As noted, the default is now shader_regex_patch_mode =4, so if you have problems with this update, add this under [Device] section and set shader_regex_patch_mode =0.
New asynchronous shader_regex_patch_mode's ([Device] variable) :The async modes avoid the insane stutter/lockups when using shader regex, instead we get delayed shader fixes the first time a shader is encountered. (This means you will get graphic/stereo glitches now instead of stutter.)
- shader_regex_patch_mode = 0; //synchronous pcre2 regex applied on first draw (this was the existing default value)
- shader_regex_patch_mode = 1; //synchronous pcre2 regex applied on shader creation (this was an existing alternative)
- shader_regex_patch_mode = 2; //pcre2 regex will be applied at the first draw on a background thread and the patched shader picked up once cached to disk at some future draw
- shader_regex_patch_mode = 3; //pcre2 regex will be applied at shader creation on a background thread and the patched shader picked up once cached to disk at some future draw
- shader_regex_patch_mode = 4; //chimera (falling back to pcre2 for certain patterns) regex will be applied at first draw on a background thread and the patched shader picked up once cached to disk at some future draw (this is the new default value)

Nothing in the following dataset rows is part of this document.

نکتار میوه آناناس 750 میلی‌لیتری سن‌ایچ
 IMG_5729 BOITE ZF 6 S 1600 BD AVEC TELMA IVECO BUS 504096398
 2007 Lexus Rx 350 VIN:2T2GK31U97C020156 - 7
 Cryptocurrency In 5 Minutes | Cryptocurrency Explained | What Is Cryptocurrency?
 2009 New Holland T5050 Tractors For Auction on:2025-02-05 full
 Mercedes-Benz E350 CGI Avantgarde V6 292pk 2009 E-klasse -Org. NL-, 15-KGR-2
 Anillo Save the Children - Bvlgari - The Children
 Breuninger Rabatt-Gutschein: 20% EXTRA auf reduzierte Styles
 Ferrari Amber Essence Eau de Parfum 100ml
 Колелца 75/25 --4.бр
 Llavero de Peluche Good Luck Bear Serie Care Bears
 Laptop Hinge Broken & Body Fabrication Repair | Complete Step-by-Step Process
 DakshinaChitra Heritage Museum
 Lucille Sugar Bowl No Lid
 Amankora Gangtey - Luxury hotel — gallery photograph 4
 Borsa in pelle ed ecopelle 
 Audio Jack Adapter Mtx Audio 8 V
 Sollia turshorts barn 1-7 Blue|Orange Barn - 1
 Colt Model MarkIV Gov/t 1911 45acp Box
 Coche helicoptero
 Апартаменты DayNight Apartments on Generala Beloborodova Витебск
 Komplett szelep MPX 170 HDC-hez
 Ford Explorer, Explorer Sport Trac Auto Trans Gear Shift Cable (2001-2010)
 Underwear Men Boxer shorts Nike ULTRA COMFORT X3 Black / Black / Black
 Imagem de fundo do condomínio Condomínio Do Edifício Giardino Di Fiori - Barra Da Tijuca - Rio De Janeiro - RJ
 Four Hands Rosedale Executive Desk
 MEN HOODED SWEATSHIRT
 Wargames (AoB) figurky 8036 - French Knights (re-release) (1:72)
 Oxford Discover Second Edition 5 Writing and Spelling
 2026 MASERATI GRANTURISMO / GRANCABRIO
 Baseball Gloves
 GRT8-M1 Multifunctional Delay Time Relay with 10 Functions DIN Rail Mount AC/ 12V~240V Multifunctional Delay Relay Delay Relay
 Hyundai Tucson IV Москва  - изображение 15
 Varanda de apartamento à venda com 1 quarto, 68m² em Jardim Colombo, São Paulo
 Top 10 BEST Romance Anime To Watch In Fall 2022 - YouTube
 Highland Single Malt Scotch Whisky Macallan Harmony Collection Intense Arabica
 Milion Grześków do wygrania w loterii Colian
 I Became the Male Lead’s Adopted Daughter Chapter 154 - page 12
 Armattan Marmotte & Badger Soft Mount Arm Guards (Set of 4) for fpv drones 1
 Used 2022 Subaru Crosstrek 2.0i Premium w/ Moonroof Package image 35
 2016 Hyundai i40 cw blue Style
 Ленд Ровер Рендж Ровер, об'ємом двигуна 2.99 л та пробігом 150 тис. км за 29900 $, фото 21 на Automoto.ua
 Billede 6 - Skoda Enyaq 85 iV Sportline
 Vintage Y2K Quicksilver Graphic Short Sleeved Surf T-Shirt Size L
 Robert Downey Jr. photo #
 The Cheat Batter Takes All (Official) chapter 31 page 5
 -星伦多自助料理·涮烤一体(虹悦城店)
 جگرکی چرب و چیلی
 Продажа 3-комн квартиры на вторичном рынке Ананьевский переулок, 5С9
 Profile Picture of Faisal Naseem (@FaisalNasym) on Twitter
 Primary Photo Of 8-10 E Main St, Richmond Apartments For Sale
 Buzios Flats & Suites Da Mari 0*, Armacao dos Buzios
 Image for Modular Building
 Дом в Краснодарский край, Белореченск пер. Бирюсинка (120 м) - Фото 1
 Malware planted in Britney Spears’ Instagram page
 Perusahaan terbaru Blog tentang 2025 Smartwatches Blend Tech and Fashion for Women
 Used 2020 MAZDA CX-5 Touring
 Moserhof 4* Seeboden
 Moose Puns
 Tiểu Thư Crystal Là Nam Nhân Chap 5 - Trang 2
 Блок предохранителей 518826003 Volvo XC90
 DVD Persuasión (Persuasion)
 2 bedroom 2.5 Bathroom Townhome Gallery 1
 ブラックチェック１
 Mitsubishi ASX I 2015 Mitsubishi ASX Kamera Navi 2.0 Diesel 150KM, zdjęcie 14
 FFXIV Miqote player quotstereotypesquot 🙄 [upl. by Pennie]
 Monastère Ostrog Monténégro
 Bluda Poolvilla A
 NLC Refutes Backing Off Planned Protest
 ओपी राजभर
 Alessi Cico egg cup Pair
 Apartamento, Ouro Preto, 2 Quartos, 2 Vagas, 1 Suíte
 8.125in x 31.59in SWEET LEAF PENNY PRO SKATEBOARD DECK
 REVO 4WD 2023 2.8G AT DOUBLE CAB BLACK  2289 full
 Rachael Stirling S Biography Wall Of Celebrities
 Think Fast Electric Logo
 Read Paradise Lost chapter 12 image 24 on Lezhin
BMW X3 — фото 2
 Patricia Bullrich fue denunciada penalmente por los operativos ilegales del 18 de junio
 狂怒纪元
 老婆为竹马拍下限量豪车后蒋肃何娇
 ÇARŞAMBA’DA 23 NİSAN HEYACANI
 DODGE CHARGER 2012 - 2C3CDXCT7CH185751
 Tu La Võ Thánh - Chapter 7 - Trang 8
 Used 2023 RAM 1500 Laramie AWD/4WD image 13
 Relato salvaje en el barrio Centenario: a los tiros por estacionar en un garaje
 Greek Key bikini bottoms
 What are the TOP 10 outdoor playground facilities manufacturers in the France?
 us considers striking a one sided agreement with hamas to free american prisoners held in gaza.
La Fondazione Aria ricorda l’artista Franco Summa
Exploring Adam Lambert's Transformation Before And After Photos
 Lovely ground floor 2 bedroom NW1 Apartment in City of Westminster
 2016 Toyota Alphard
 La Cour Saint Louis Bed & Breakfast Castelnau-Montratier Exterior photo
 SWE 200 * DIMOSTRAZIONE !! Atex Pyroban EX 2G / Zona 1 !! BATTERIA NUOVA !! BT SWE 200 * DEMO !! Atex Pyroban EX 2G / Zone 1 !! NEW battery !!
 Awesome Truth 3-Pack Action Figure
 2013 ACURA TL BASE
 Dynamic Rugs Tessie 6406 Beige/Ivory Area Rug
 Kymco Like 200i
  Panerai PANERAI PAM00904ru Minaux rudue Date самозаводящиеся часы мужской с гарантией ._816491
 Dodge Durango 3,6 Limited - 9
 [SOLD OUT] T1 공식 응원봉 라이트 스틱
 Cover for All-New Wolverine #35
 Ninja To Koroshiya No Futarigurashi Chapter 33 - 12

- shader_regex_patch_mode = 5; //chimera (falling back to pcre2 for certain patterns) regex will be applied at shader creation on a background thread and the patched shader picked up once cached to disk at some future draw
I haven't properly profiled the difference, but just using a timer and measuring how long it takes the new chimera modes to resolve all shaders in a scene, its roughly 5x faster than pcre2.
For the async modes I have created a new [Device] ini variable shader_regex_thread_pool_num which controls the number threads we use in the background.shader_regex_thread_pool_num doesn't seem to make much different in the chimera modes, but I have found a higher number of threads will speed up shader resolution in the pcre2 modes at the cost of increased stutter.
- shader_regex_thread_pool_num = -1 (the thread_pool object is from the boost library, and setting it to -1 will let boost pick the number of threads.)
- shader_regex_thread_pool_num = 0 (geo-11 will decide the number of threads in the thread_pool based on cpu count.)
- shader_regex_thread_pool_num = n (Any other value will override. )
shader_regex_patch_mode = 5 will be the best option for most games (broken shaders are more quickly resolved), but there are currently issues with games that load the entire shader set on launch (e.g Batman Arkham Knight), where unacceptable launch delays can occur in mode 5., so I've therefore made mode 4 the default.
I've briefly looked into the Batman Arkham Knight launch issue with mode 5, and I think its basically saturating the external hard drive I'm loading the game from (as its caching so much shader regex data) so the fact that we are using background threads doesn't help. I've thought of a way around this, but, at this point, think I will come back to it at a later date as there are probably higher priorities now given the new async modes largely sort the issue.